Marcus P. Adams F'20, F'13

Marcus P. Adams
Assistant Professor
Philosophy
University of Albany, State University of New York

ACLS Fellowship Program 2020
Assistant Professor
Philosophy
University of Albany, State University of New York
Making and Knowing: Thomas Hobbes’s Unified Philosophy

Thomas Hobbes maintained that his philosophy constituted a unified and complete system, but in what precise sense did he think that the branches of his philosophy were unified? This question has provoked extensive scholarship over the last half-century. Answering it is essential not only to understanding Hobbes’s philosophy generally, but how one answers it significantly impacts our understanding of Hobbes’s most influential work—the Leviathan. ”Making and Knowing” answers it by placing Hobbes’s politics within his broader concerns about scientific knowledge as constructed by humans and by demonstrating that the relationship between "pure" and "mixed" mathematics provided Hobbes with a model for thinking about the relationships between geometry, natural philosophy, and politics.
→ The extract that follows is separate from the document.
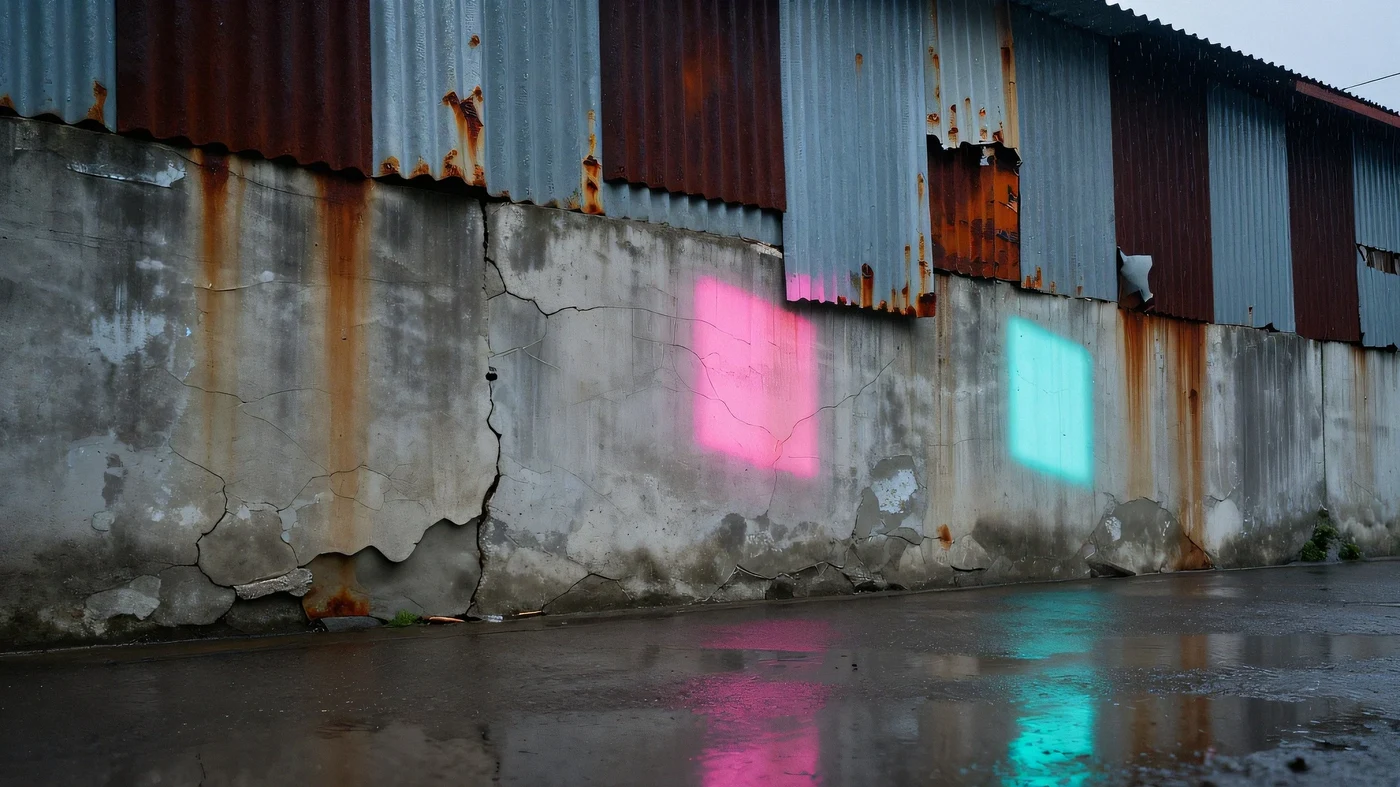 Cracked concrete wall 4K — 4K neon background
Mellon/ACLS Dissertation Completion Fellowships 2013
Doctoral Candidate
History and Philosophy of Science
University of Pittsburgh
Mechanical Epistemology and Mixed Mathematics: Descartes’ Problems and Hobbes’ Unity

Thomas Hobbes offers a remarkably consistent, unified philosophy, but there has been little consensus on how to characterize the unity of his philosophy. This project provides a new way to understand it that sheds light on the structure of the Leviathan and exposes the source of Hobbes’ objections to Descartes’ Meditations on First Philosophy and Cartesian philosophy more generally. The project articulates Hobbes’ unity by arguing that his commitment to mechanical philosophy permeated all aspects of his philosophy, from a ‘mechanical epistemology’ to his later views on causal explanation in natural philosophy and politics. It argues, moreover, that Hobbes provided a unified philosophy in which causal explanations in politics and natural philosophy depend upon, but are not deduced from or reducible to, causal principles from geometry and first philosophy. It characterizes this dependence by showing that Hobbes viewed natural philosophy and politics as mixed mathematical disciplines, akin to astronomy and optics.